──────── The records ────────

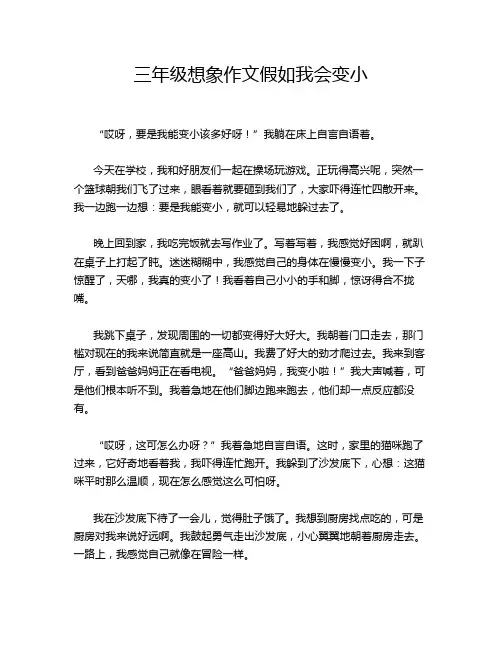 三年级想象作文假如我会变小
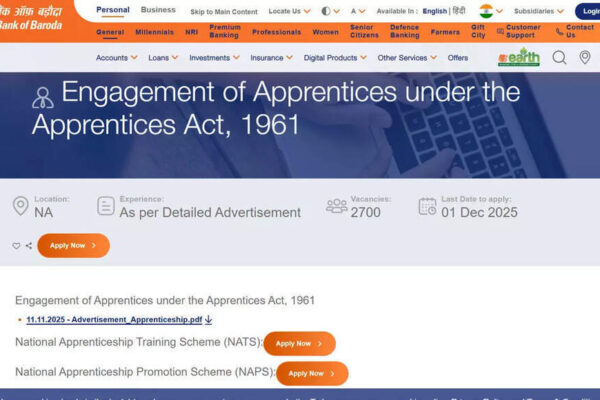 Bank of Baroda apprentices recruitment 2025 notification out, apply online for 2700 vacancies before 01 Dec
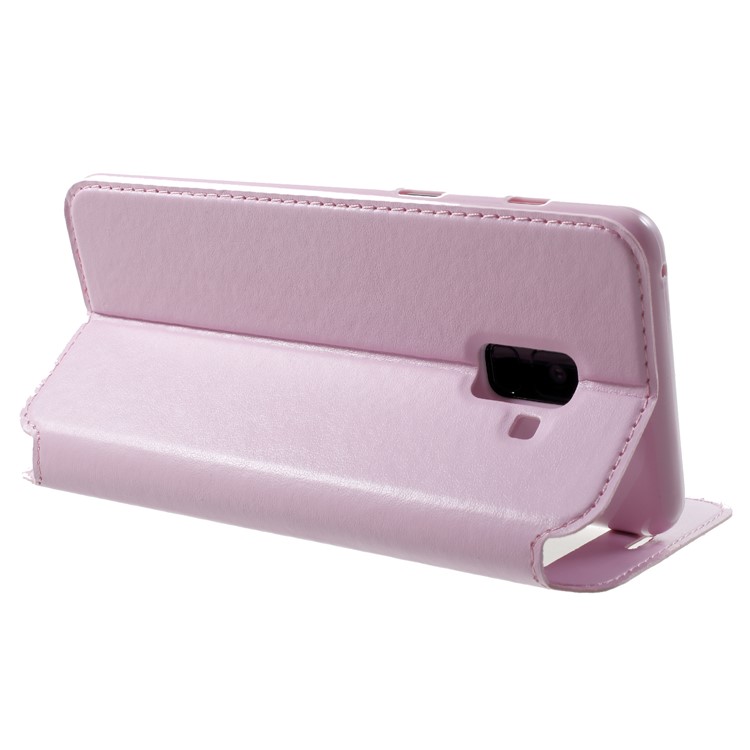 ROAR Noble Leather View Window Stand Shell for Samsung Galaxy A8+ (2018) - Pink-5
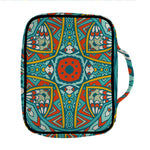 Teal Bohemian Mandala Pattern Print Front Pocket Bible Bag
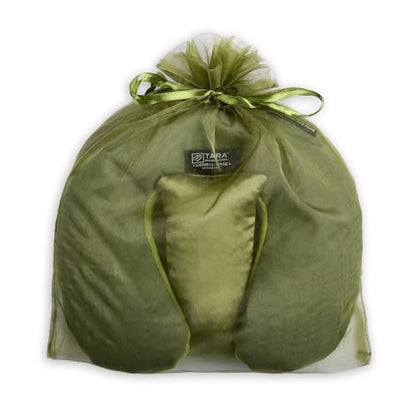 TARA Spa Therapy Herbal-Ease Aromatherapy Pillow Gift Bag Set, Neck + Silk Eye Pillow, Green Olive - color: Green Olive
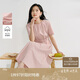 茵曼2025夏季女裝新款歐若風(fēng)圓領(lǐng)抽褶棉質(zhì)混紡短袖氣質(zhì)連衣裙 淺粉色L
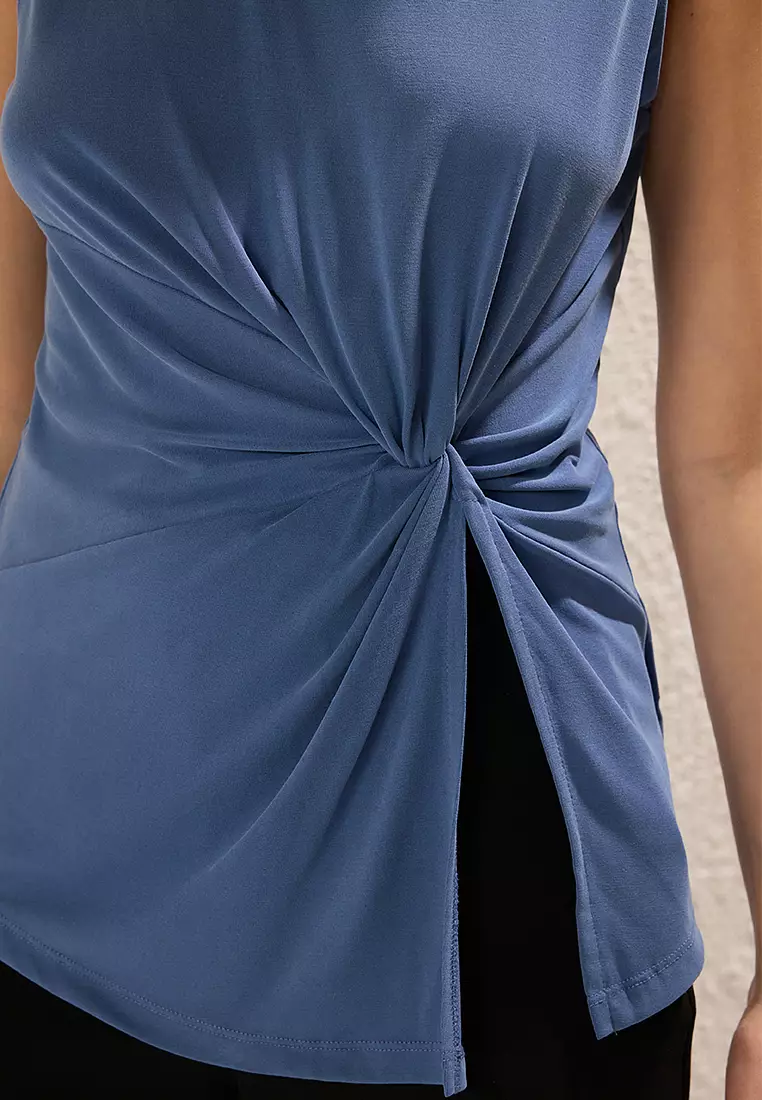 Indigo Stand Collar Gathered And Slit Detailed Knitted Blouse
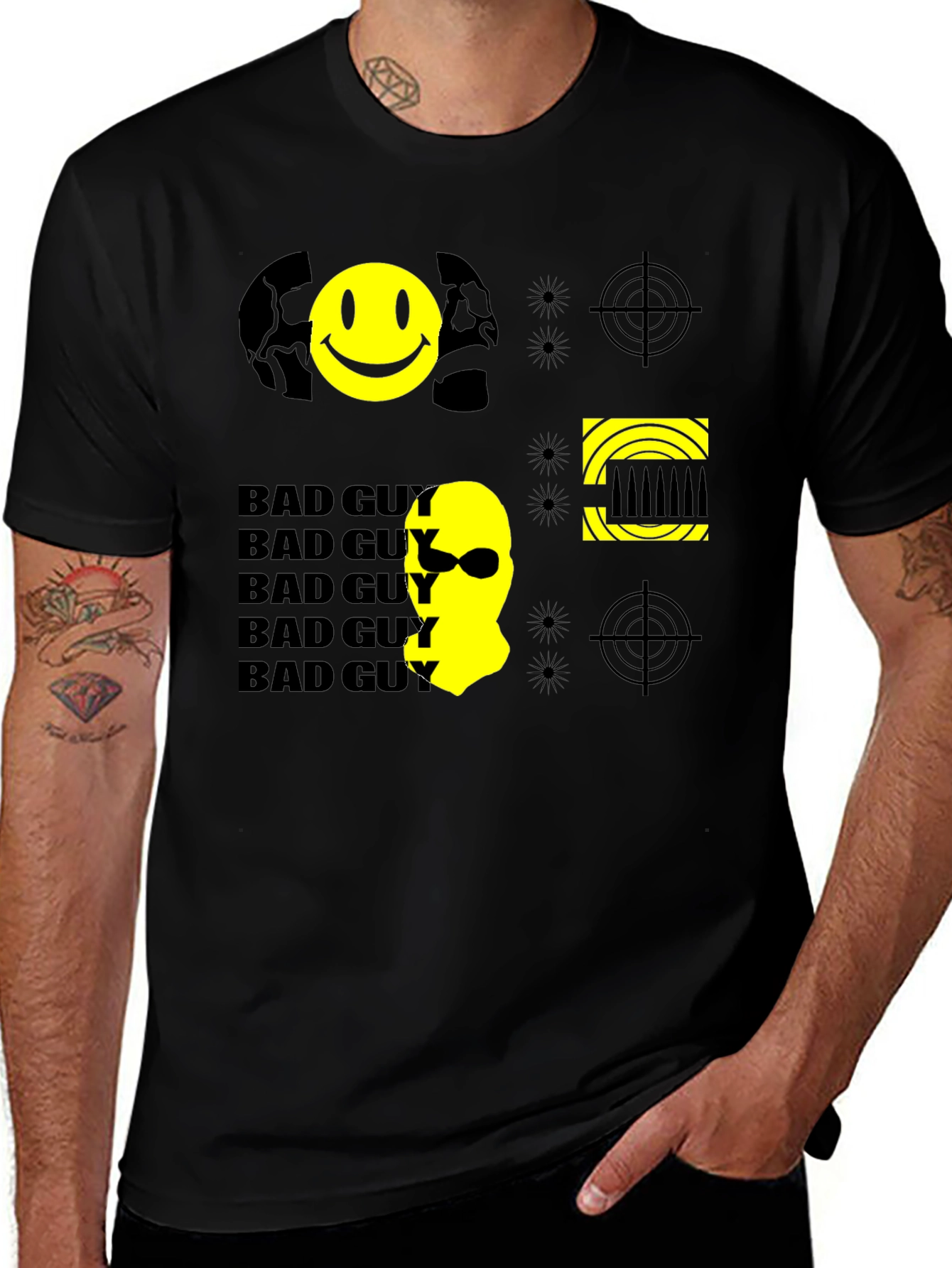 Variant 16 of Bad Guy Graphic Print Tee - Black Cotton Crew Neck T-Shirt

────────

Copy the final portion of the records: every line from the one containing "Bank of Baroda" through the last, word for word, without pictures.

 Bank of Baroda apprentices recruitment 2025 notification out, apply online for 2700 vacancies before 01 Dec
 ROAR Noble Leather View Window Stand Shell for Samsung Galaxy A8+ (2018) - Pink-5
 Teal Bohemian Mandala Pattern Print Front Pocket Bible Bag
 TARA Spa Therapy Herbal-Ease Aromatherapy Pillow Gift Bag Set, Neck + Silk Eye Pillow, Green Olive - color: Green Olive
 茵曼2025夏季女裝新款歐若風(fēng)圓領(lǐng)抽褶棉質(zhì)混紡短袖氣質(zhì)連衣裙 淺粉色L
 Indigo Stand Collar Gathered And Slit Detailed Knitted Blouse
 Variant 16 of Bad Guy Graphic Print Tee - Black Cotton Crew Neck T-Shirt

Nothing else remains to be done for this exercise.